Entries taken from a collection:
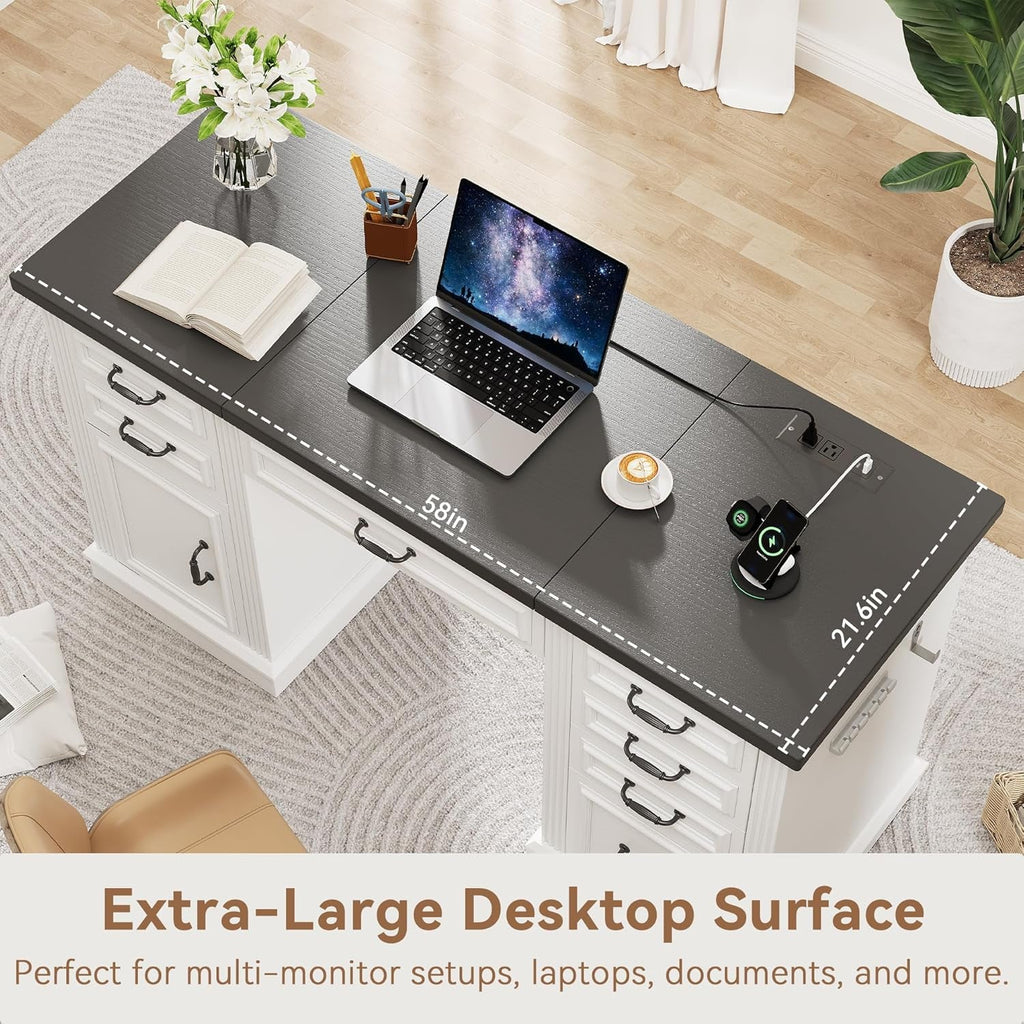 57 Inch Height Adjustable Executive Desk Storage Systems-3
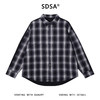 M5255SDSA秋冬新款痞帅男装美式拼接撞色格纹翻领长袖衬衫字母印花百搭 商品缩略图1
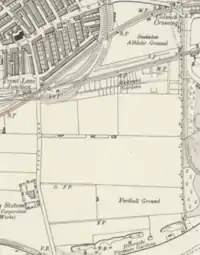 1920 map of Nottingham showing Sneinton F.C.'s first home ground off Colwick Road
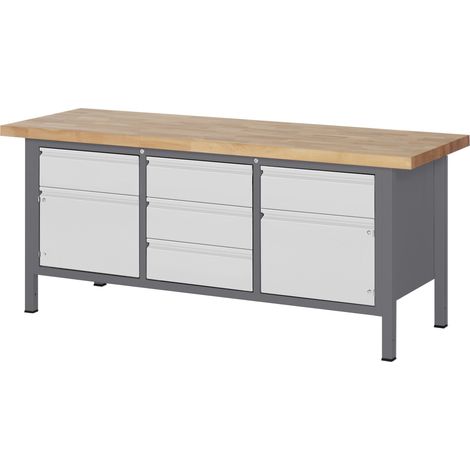 STIER Höhenverstellbare Werkbank Premium, 5 Schubladen und 2 Türen, 200x70x84-104cm, Stahl und Buche (1/5)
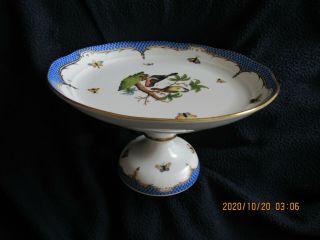 Herend Rothschild Bird W/blue Scales Large Compote/pedestal Bowl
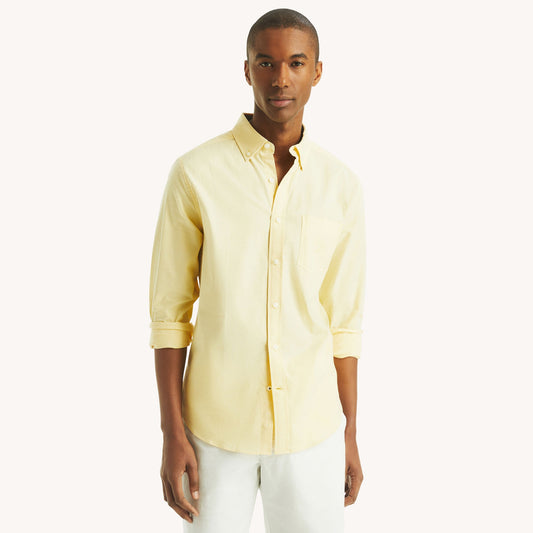 Camisa manga larga unicolor Oxford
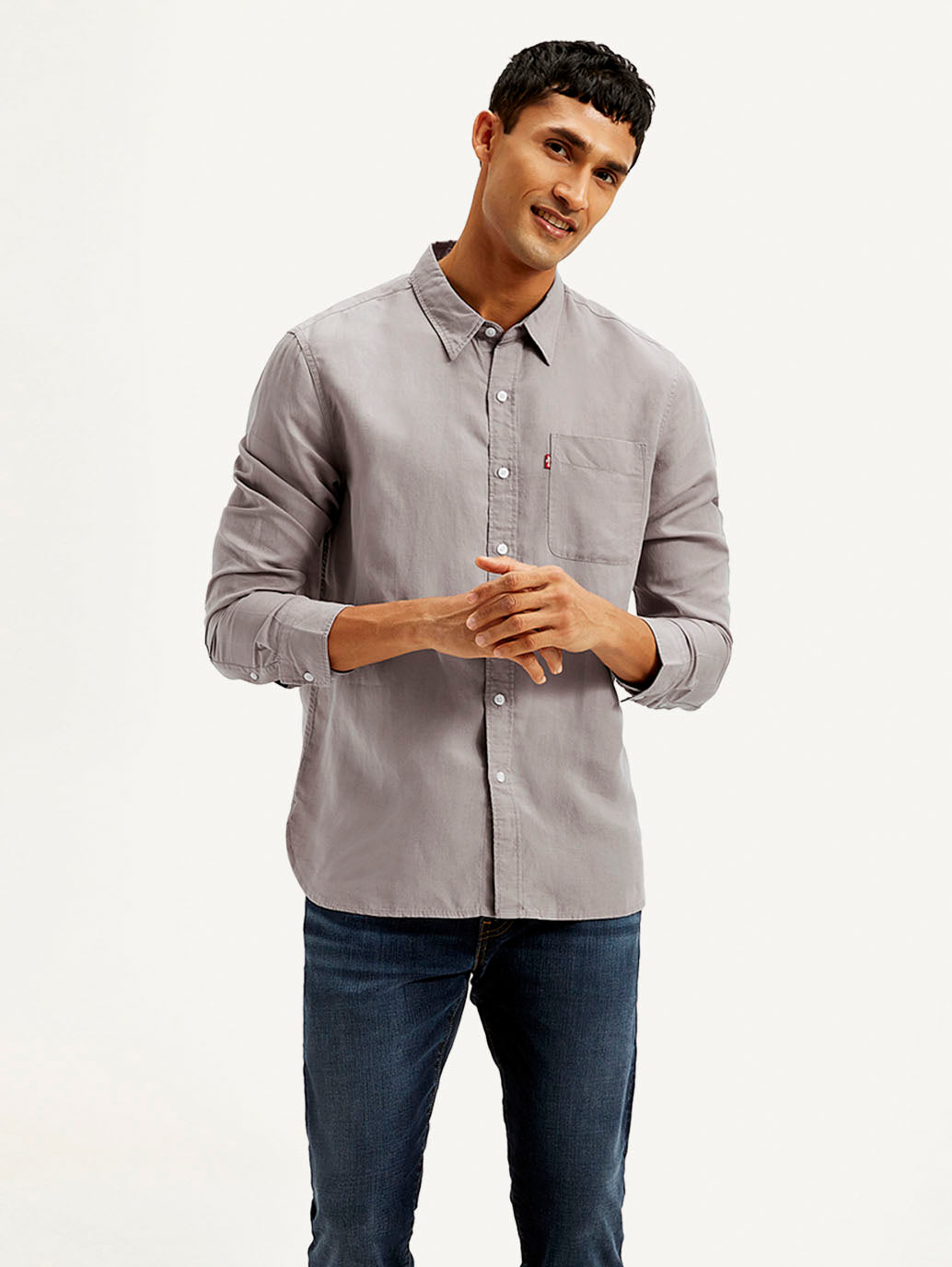 Men's Solid Slim Fit Linen Shirt - Styleshot View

● **Exercise objective**
Your task is to transcribe, exactly and without additions, every line from the one that contains "M5255SDSA秋冬新款痞" to the end of the entries above, both included. Omit all pictures.

● **Output for this exercise**
 M5255SDSA秋冬新款痞帅男装美式拼接撞色格纹翻领长袖衬衫字母印花百搭 商品缩略图1
 1920 map of Nottingham showing Sneinton F.C.'s first home ground off Colwick Road
 STIER Höhenverstellbare Werkbank Premium, 5 Schubladen und 2 Türen, 200x70x84-104cm, Stahl und Buche (1/5)
 Herend Rothschild Bird W/blue Scales Large Compote/pedestal Bowl
 Camisa manga larga unicolor Oxford
 Men's Solid Slim Fit Linen Shirt - Styleshot View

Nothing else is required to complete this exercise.